Les Brésiliens choisissent leur président au terme d'une campagne ultra-polarisée entre les partisans de Bolsonaro et Lula
Les Brésiliens choisissent leur président au terme d'une campagne ultra-polarisée entre les partisans de Bolsonaro et Lula / 19h30 / 1 min. / le 30 octobre 2022
Plus de 156 millions de Brésiliens et de Brésiliennes étaient appelés aux urnes dimanche pour élire leur président lors d'un scrutin à l'issue très incertaine, après une campagne particulièrement tendue. Depuis la fermeture des bureaux de vote à 21h00 heure suisse, le pays est rivé aux résultats, attendus cette nuit.

Le Brésil était plus que jamais coupé en deux, à l'occasion du deuxième tour de l'élection présidentielle. Les réseaux sociaux ont charrié des torrents de désinformation et les candidats se sont insultés copieusement devant des dizaines de millions de téléspectateurs.

Des Brésiliens et Brésiliennes souvent pressés "qu'on en finisse" se sont rendus aux urnes dès 08h00 locales (12h00 en Suisse) dans ce pays aux dimensions continentales.

Les bureaux de vote ont fermé à 17h00 (21h00 heure suisse) et le Brésil retient depuis son souffle dans l'attente du nom du vainqueur, entre le président sortant d'extrême droite Jair Bolsonaro et l'ex-président de gauche Luiz Inacio Lula da Silva, le favori.

>> Le compte-rendu d'Anne Vigna dans Forum :

Plus de 156 millions de Brésiliens et de Brésiliennes sont appelés à élire leur président. [AFP - Evaristo Sa]AFP - Evaristo Sa
Le Brésil élit son nouveau président, le point à quelques heures de la fermeture des bureaux de vote / Forum / 3 min. / le 30 octobre 2022

Un résultat sans doute très serré

Si les sondages prédisent depuis des mois un 3e mandat de quatre ans à l'ex-chef d'Etat de gauche Luiz Inacio Lula da Silva (2003-2010), le président d'extrême droite Jair Bolsonaro peut encore y croire après son score inattendu du 1er tour du 2 octobre (lire encadré).

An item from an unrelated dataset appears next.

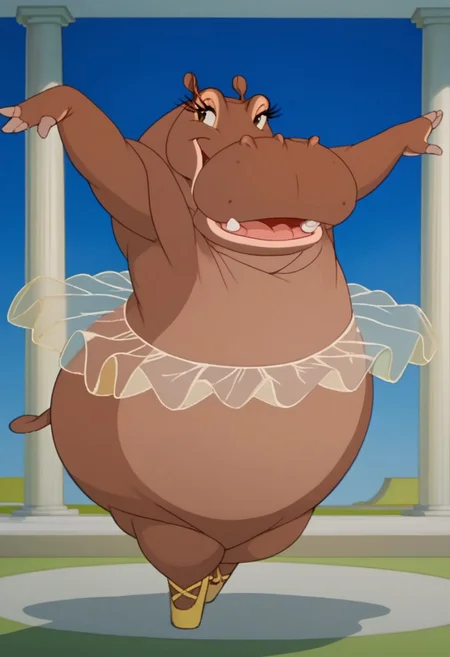 score_9, score_8_up, score_7_up, BREAK, furry female, full body, indoors, hippopotamus, sideways, standing, open mouth, sketch, fangs, blue background, yellow ballet slippers, dancing, transparent tutu, open eyes, seductive looks, curvy body,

Le chef de l'Etat sortant, auquel les sondages avaient donné une douzaine de points de retard, a bénéficié d'une dynamique dans l'entre-deux tours quand la gauche semblait, elle, un peu sonnée.

"C'est bien plus serré que quiconque l'aurait cru", a dit à l'AFP le rédacteur en chef du média Americas Quarterly. "Cela va être une élection pleine de confusion", a ajouté Brian Winter.

Jair Bolsonaro peut-il accepter la défaite?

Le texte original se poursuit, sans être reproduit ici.